I'm a revolutionary communist in no small part because a revolution is already underway. I'm not really fighting against liberal capitalism; I'm fighting against the Randian reactionary revolution that's overwhelming liberal capitalism. It's been a "slow" revolution, because it was a revolution against a political-economic system that — while very far from perfect — was working fairly efficiently and making real gains for a hundred million people. The first thirty years of the Randian revolution was spent in an effort to undermine liberal capitalism. And the last bastion of liberal capitalism in the capitalist ruling class — the liberal billionaires and their representatives in the "progressive" wing of the Democratic party — show no sign of even understanding, much less resisting, this revolutionary tide.

My major "conservative" objection to revolution — even a "good" revolution — is no longer operative: whether I like it or not, a revolution is underway. And it's a bad revolution, a revolution that is explicitly intent on making life worse for all but the handful of people at the very top, a revolution in which I can see the portents of intentional genocide and mass-murder on a Hitlerian scale. The Randians will find that people are more resilient than they think — the mediocre in large numbers have surprising resources — and will not implode in self-destruction as quickly as they think. There will be, I think, increasing motivation and will to accelerate that destruction, and actively perpetrate it to achieve the purity of values that is the heart of the Randian reactionary revolution.

The Randian revolution too is doing all of the morally questionable work of any mass movement, especially destroying the social institutions — e.g. church*, family, neighborhood, labor union — that give individuals a sense of "belonging" and solidarity, and forcing those individuals into one mass movement or another to find that solidarity. Indeed this morally questionable work might prevent me from supporting any mass movement de nuovo; but given that a bad revolution has already destroyed these institutions, and only a competing mass movement can resist and finally overthrow the Randians, these moral issues are eased, in exactly the same sense that a physician has more moral license to experiment on a patient — with her consent — who is suffering and moribund: the first canon is "do no harm", but what more harm can be done?
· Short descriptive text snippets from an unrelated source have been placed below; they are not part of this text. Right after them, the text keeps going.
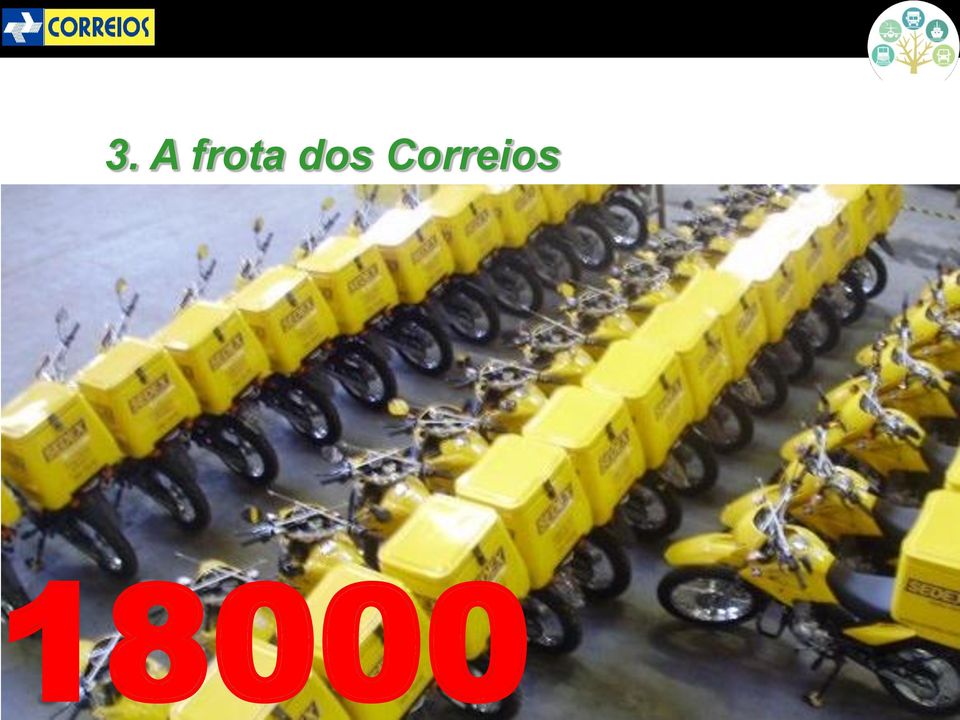 Correios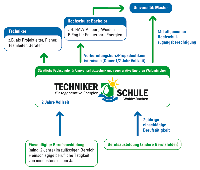 Umwelttechniker für regenerative Energien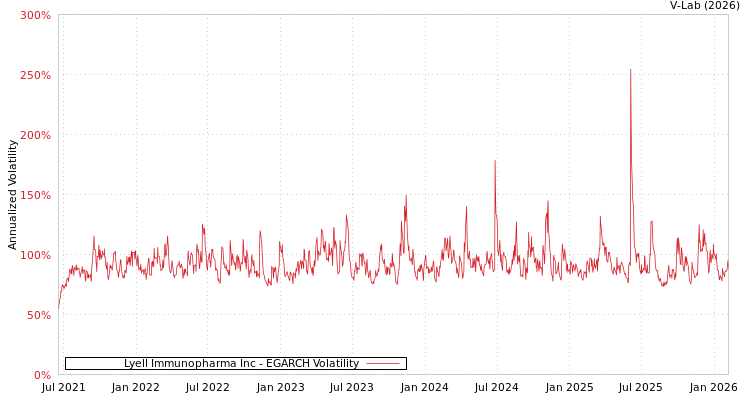 graph of Lyell Immunopharma Inc EGARCH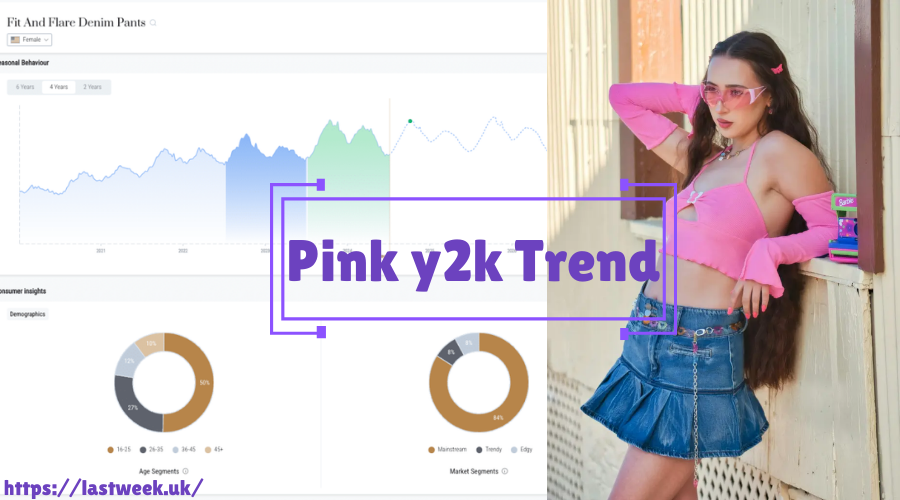 Y2K Trends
*The role of churches in providing belonging and solidarity for frustrated individuals within a system and the changes necessary to for churches to organize frustrated individuals into a mass movement to implement a new system are complicated. That the role of churches can be so easily co-opted lies at the heart of my specifically atheist contempt of religion in general.
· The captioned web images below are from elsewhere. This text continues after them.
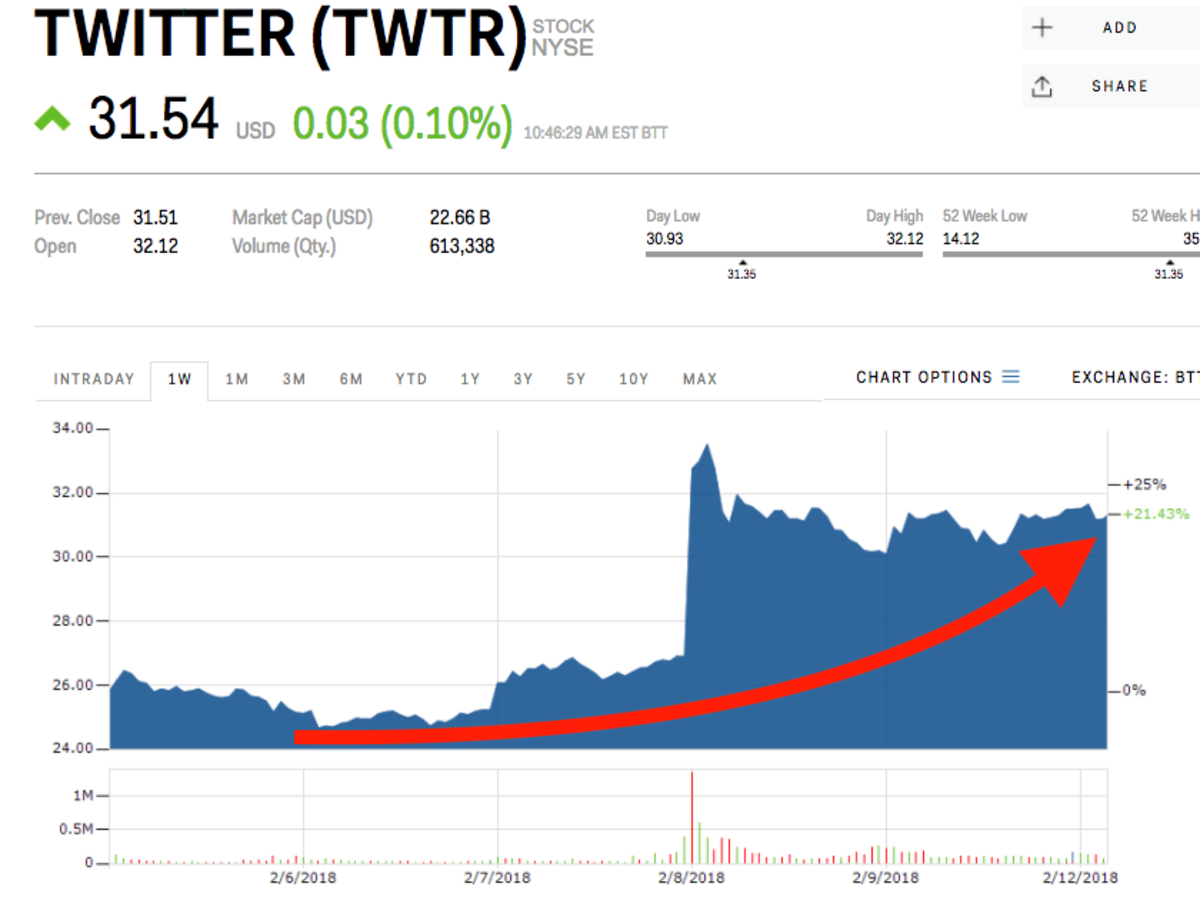 Twitter Goes Down Early Tuesday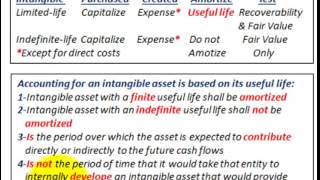 Intangible Assets Accounting Useful Life Defined Limited Indefinite Analysis Of Factors [upl. by Yntrok]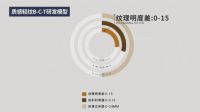 重磅荣誉！箭牌瓷砖宋境系列荣获“瓷砖设计金奖”
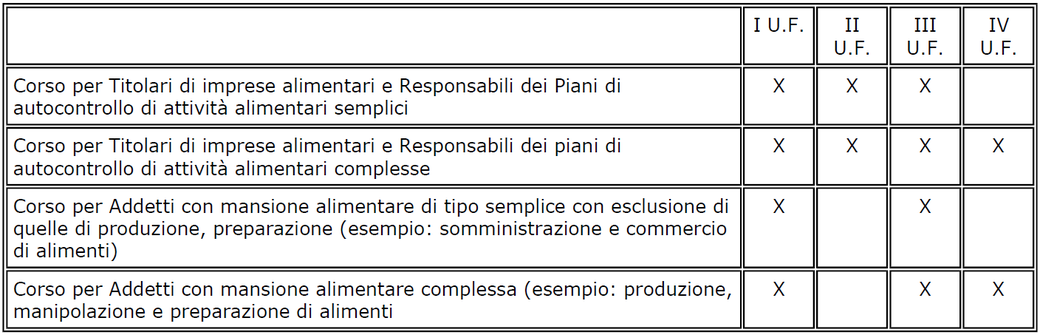 fonte tabella: Giunta regionale Regione Toscana, Delibera 21.07.2008, n. 559 - Indirizzi in materia di formazione degli alimentaristi - Revoca della DGR 1388/2004.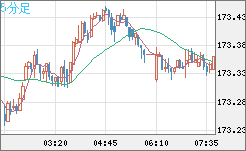 ユーロ/円チャート（EUR/JPY）5分足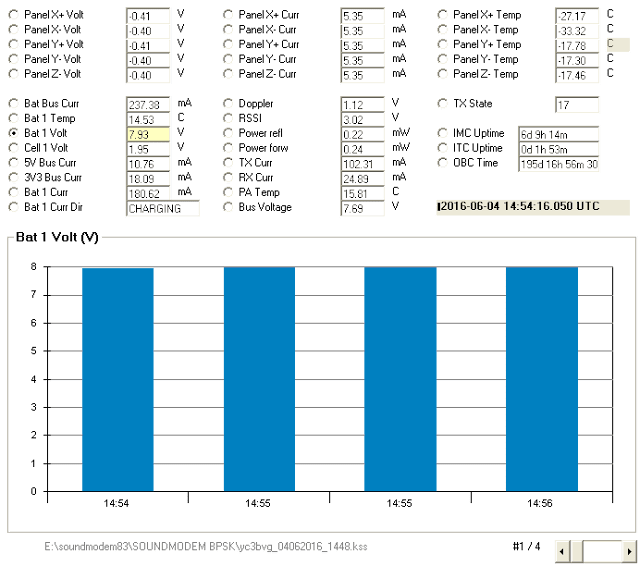 Duchifat Telemetry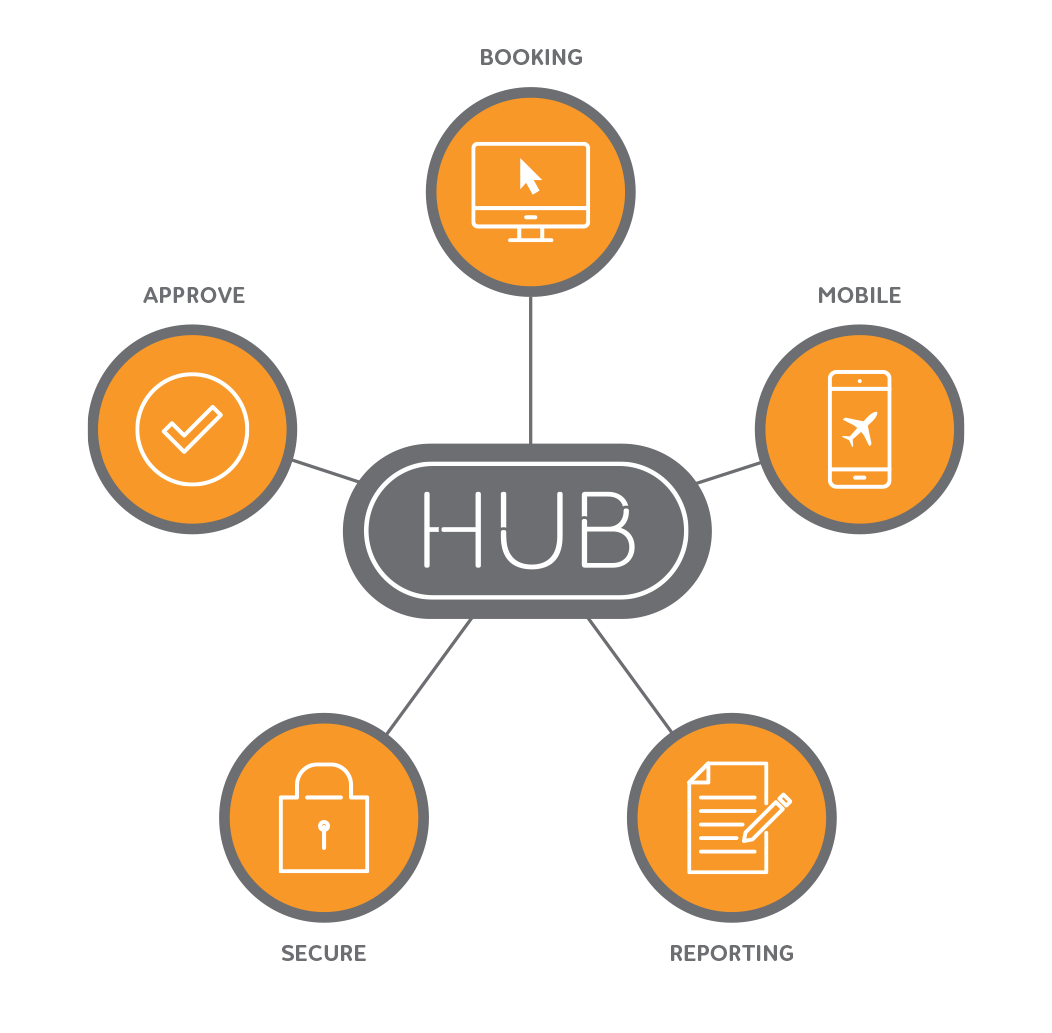Hub Technology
A revolution is already happening. I am not so much to foment revolution but to foment a counter-revolution.

1 comment:

  1. Thanks Larry for posting this. I've not been back to your blog in a little while (arguing for communism at my local newspaper's blog and reading Das Capital and going to a socialist party meeting Sunday) but always, always, always, look forward to what you write.

    I came across a new author I'd like to turn you on to if you've not yet heard of him; Joe Bageant ( http://www.joebageant.com/ ). I'm about finished with his book DEER HUNTING WITH JESUS and it's heart breaking. I wish everyone in power could read it.

    As long as I'm sending you stuff, I found a great essay here: http://www.newyouth.com/content/view/215/51/

    Best wishes to you and yours from me and mine.